## Problem requirements
Only one span of the listing below is wanted: the lines from the one with "Day - Staffordshire Bull Terrier" through the one with "Actual product image", reproduced exactly, both ends kept.

## Record set
↓↓↓
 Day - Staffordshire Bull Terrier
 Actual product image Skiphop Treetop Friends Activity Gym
↑↑↑
↓↓↓
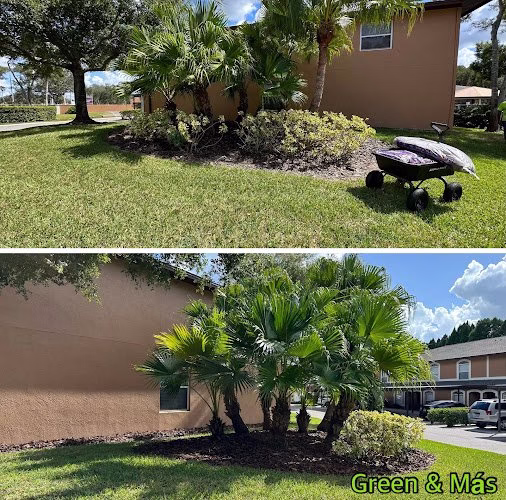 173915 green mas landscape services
↑↑↑
## Task solution
 Day - Staffordshire Bull Terrier
 Actual product image Skiphop Treetop Friends Activity Gym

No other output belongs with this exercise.